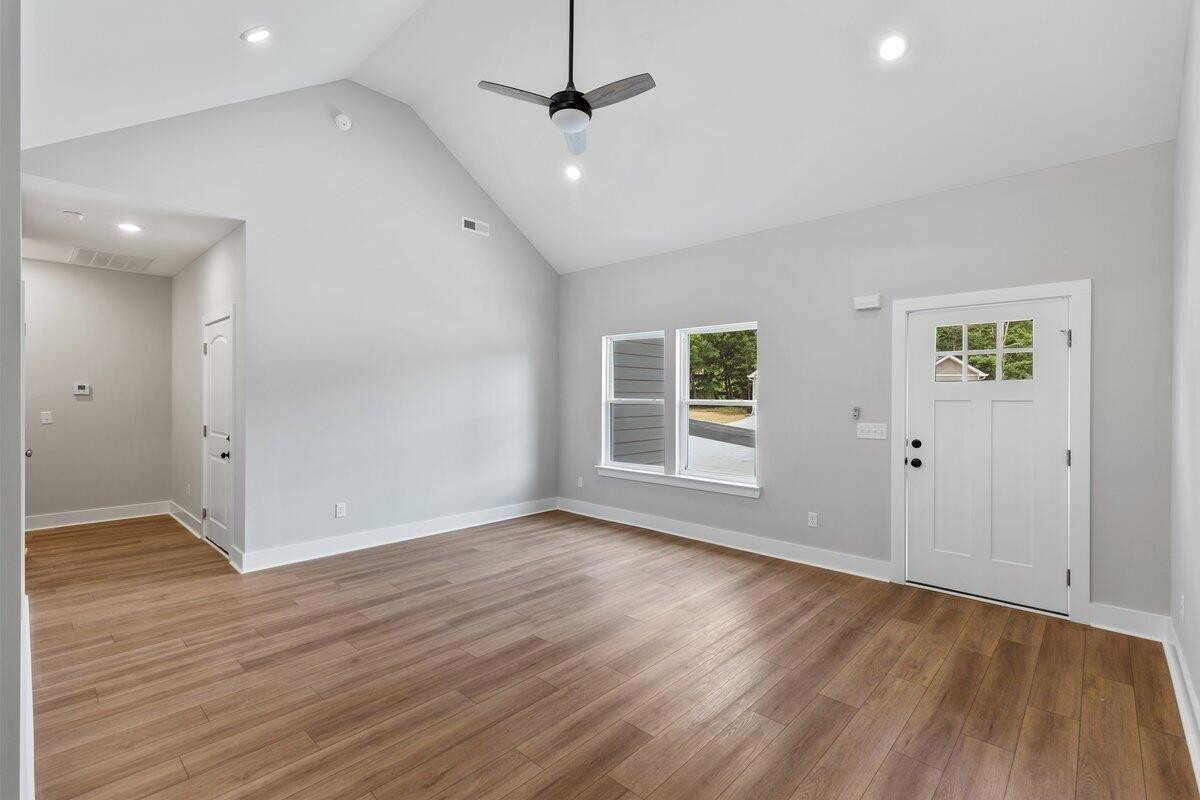 129 County Road 155 Riceville, TN 37370 - Photo 7 of 31 an empty room with wooden floor ceiling fan and windows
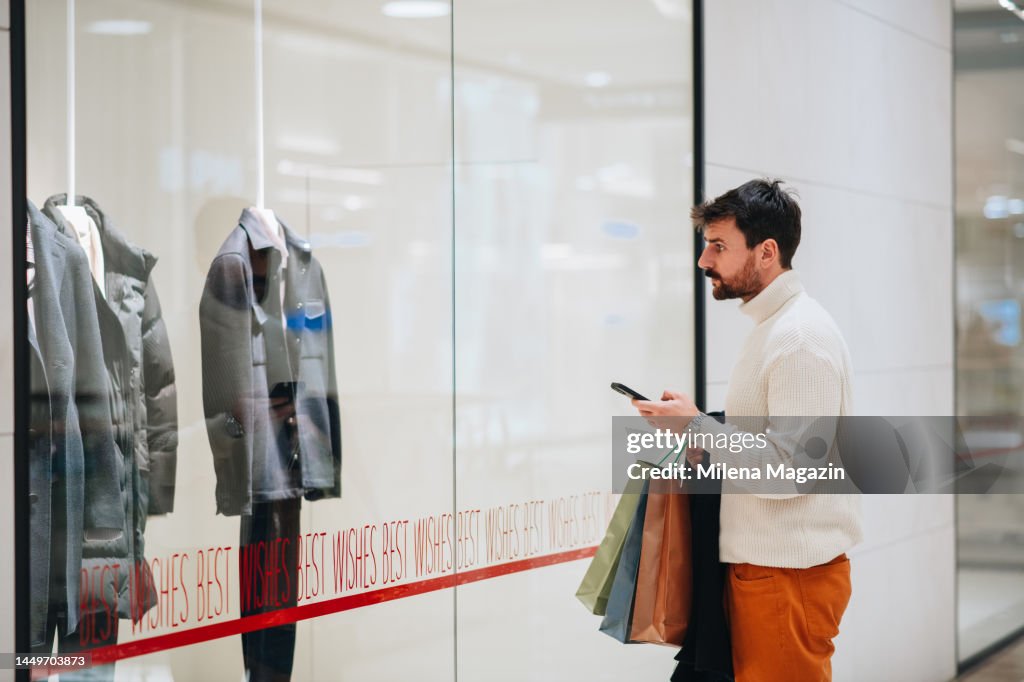 Handsome young man window shopping in a mall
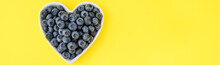 Fresh Picked Organic Blueberries In A Heart Shaped Bowl On A Cheerful Yellow Background, Tasty And Nutritious
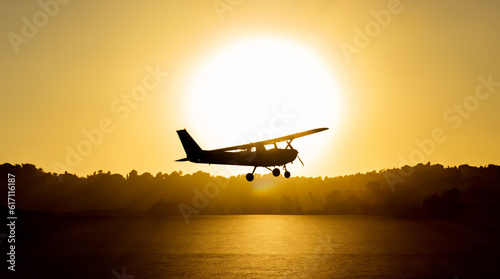 Backlit silhouette of a cessna plane outlined with the sun just behind it flying low with the sea water below illuminated by the golden light of sunset and trees and vegetation in the background © sirbouman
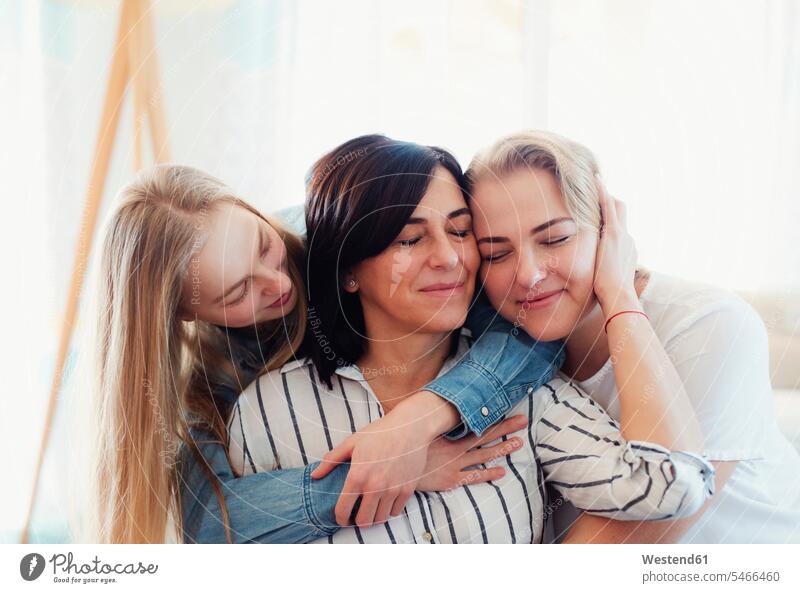 Töchter zu Besuch, die ihre Mutter umarmen Leute Menschen People Person Personen Europäisch Kaukasier kaukasisch erwachsen Erwachsene Frauen weiblich jung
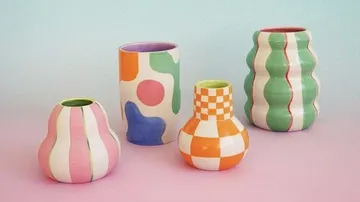 Bunte geometrische Vasen auf pastellfarbenem Hintergrund.
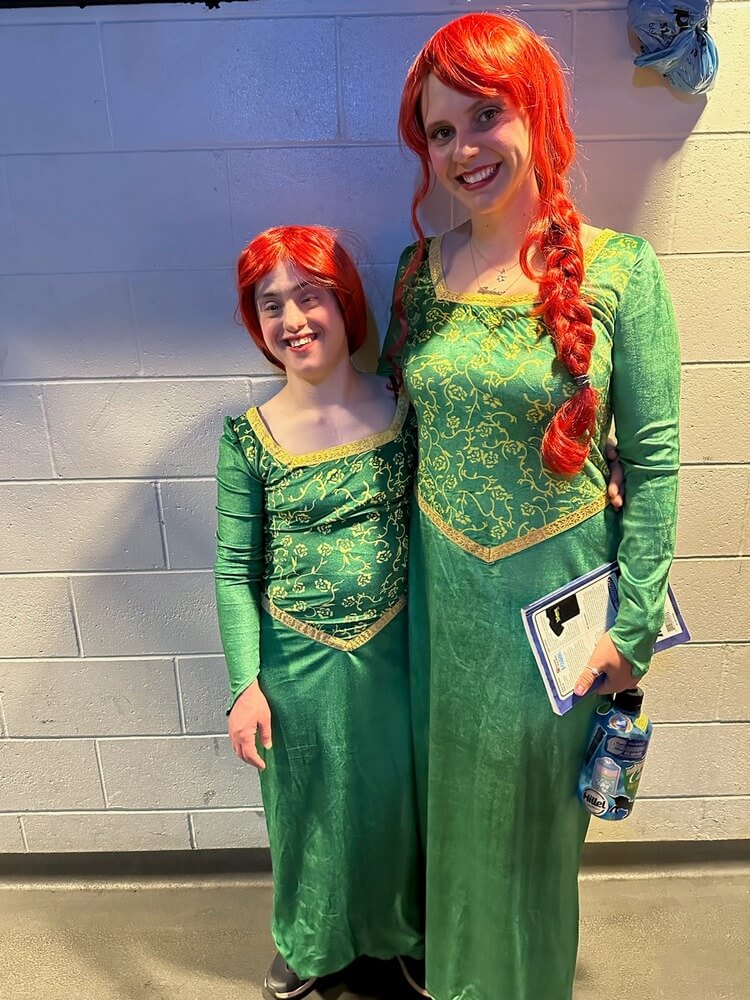 Rita and Sydney in Fiona costumes. Rita and staff member Sydney posing together in Fiona costume.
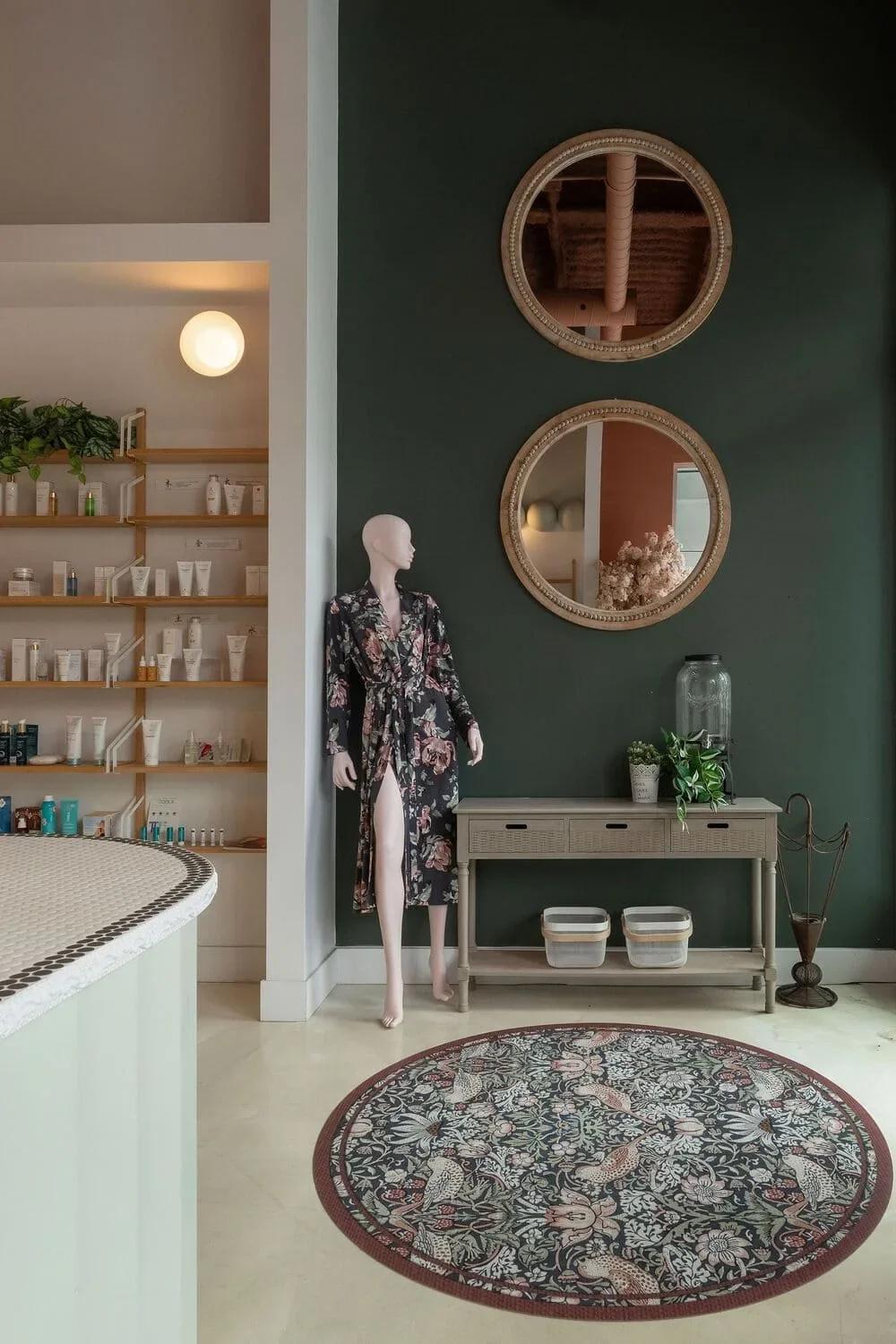 Design commercial à Montréal par Rübik Design : mur vert forêt, miroirs ronds en bois, console et tapis floral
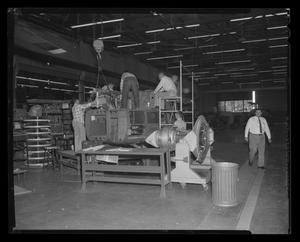 Primary view of object titled '[Bell employees working on the YH-40]'.
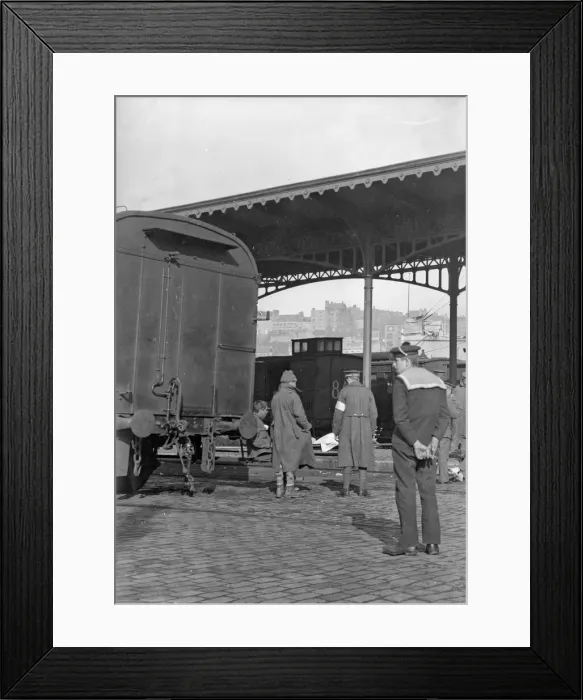 Framed Print : British wounded soldiers seen here at the cross channel railway station in Boulogne await Framed Print : British wounded soldiers seen here at the cross channel railway station in Boulogne await
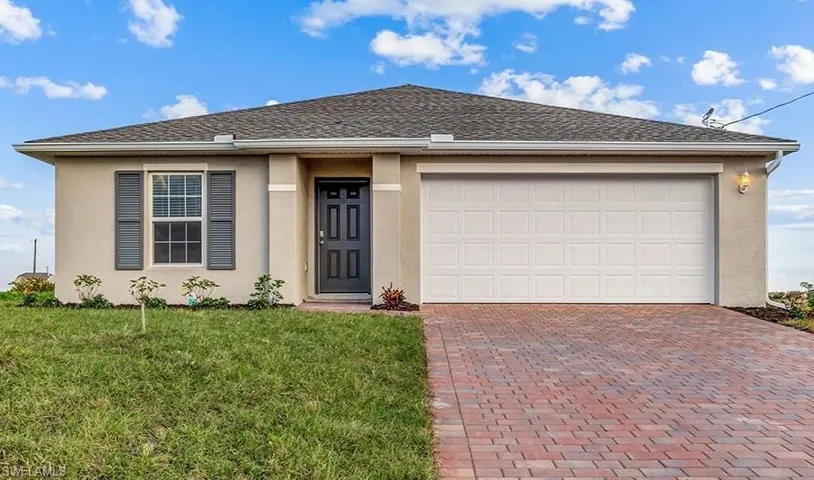 View of front of property with decorative driveway, stucco siding, a front yard, and an attached garage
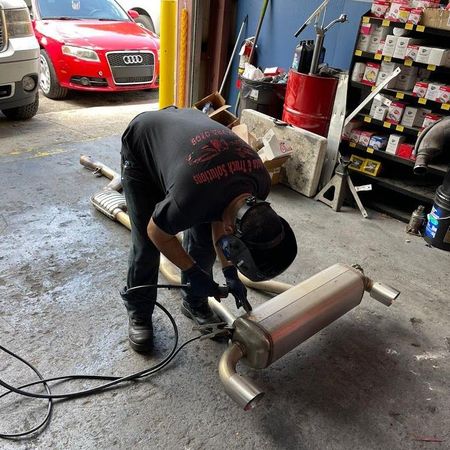Mechanic welding an exhaust pipe in a garage with a red car in the background | Auto & Truck Solutions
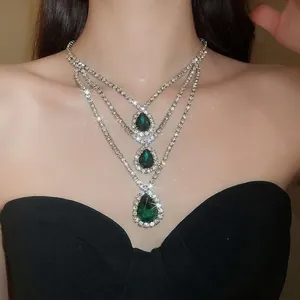 Close-up of a three-tier necklace with sparkling green teardrop pendants and rhinestones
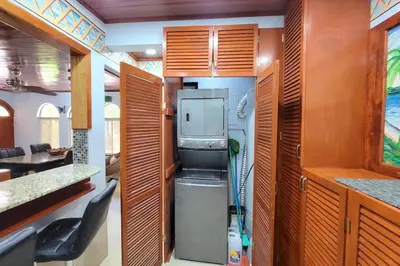 a kitchen with a refrigerator and a kitchen with wooden cabinets at LA BUENA VIDA CONDO in Tamarindo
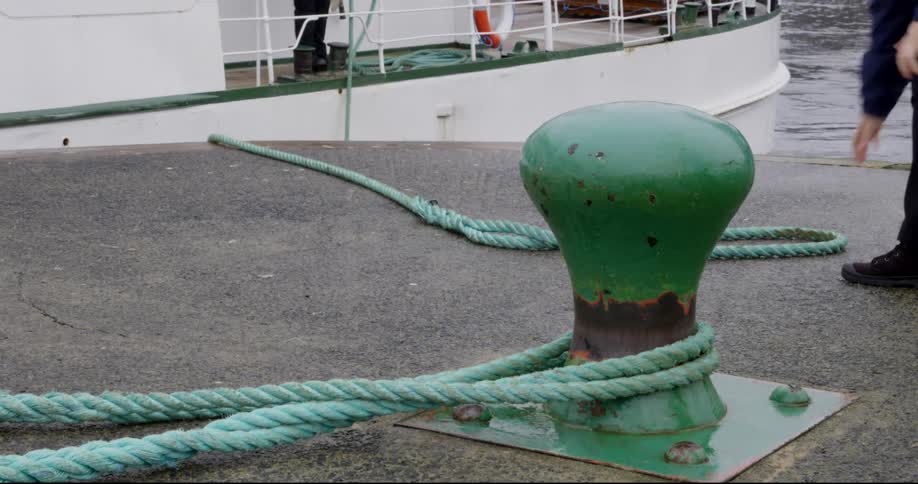 A sailor on a boat tosses one end of a docking line to the dock where another person retrieves it and places it around the docking cleat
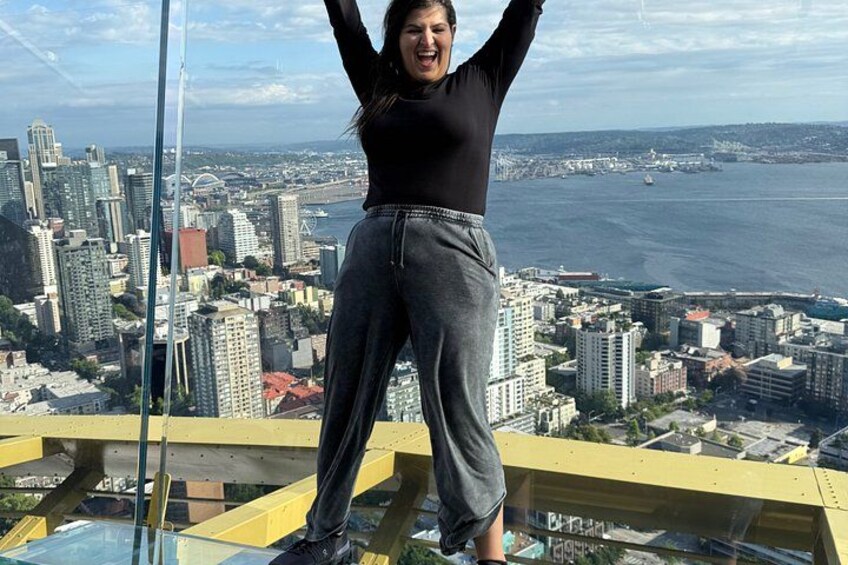 A person standing on a glass floor with a cityscape in the background. 5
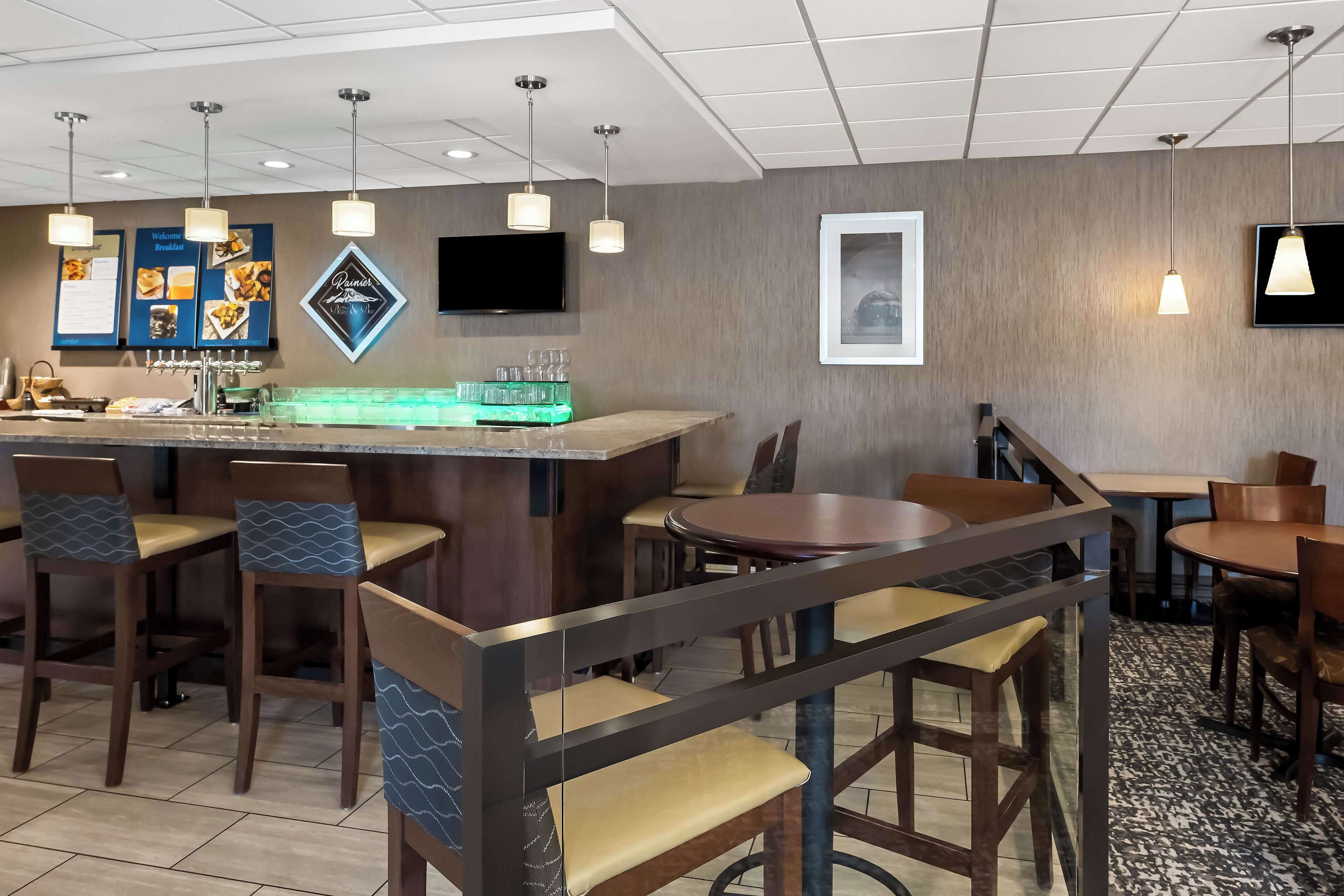 A hotel lobby with a bar area, seating arrangements, and a television mounted on the wall.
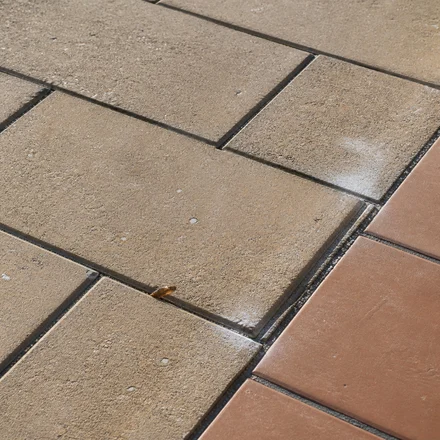Sound concrete pavers and tile patio surface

*Task instructions*. Restate the records above exactly, less any pictures.

*The completed task*.
 129 County Road 155 Riceville, TN 37370 - Photo 7 of 31 an empty room with wooden floor ceiling fan and windows
 Handsome young man window shopping in a mall
 Fresh Picked Organic Blueberries In A Heart Shaped Bowl On A Cheerful Yellow Background, Tasty And Nutritious
 Backlit silhouette of a cessna plane outlined with the sun just behind it flying low with the sea water below illuminated by the golden light of sunset and trees and vegetation in the background © sirbouman
 Töchter zu Besuch, die ihre Mutter umarmen Leute Menschen People Person Personen Europäisch Kaukasier kaukasisch erwachsen Erwachsene Frauen weiblich jung
 Bunte geometrische Vasen auf pastellfarbenem Hintergrund.
 Rita and Sydney in Fiona costumes. Rita and staff member Sydney posing together in Fiona costume.
 Design commercial à Montréal par Rübik Design : mur vert forêt, miroirs ronds en bois, console et tapis floral
 Primary view of object titled '[Bell employees working on the YH-40]'.
 Framed Print : British wounded soldiers seen here at the cross channel railway station in Boulogne await Framed Print : British wounded soldiers seen here at the cross channel railway station in Boulogne await
 View of front of property with decorative driveway, stucco siding, a front yard, and an attached garage
Mechanic welding an exhaust pipe in a garage with a red car in the background | Auto & Truck Solutions
 Close-up of a three-tier necklace with sparkling green teardrop pendants and rhinestones
 a kitchen with a refrigerator and a kitchen with wooden cabinets at LA BUENA VIDA CONDO in Tamarindo
 A sailor on a boat tosses one end of a docking line to the dock where another person retrieves it and places it around the docking cleat
 A person standing on a glass floor with a cityscape in the background. 5
 A hotel lobby with a bar area, seating arrangements, and a television mounted on the wall.
Sound concrete pavers and tile patio surface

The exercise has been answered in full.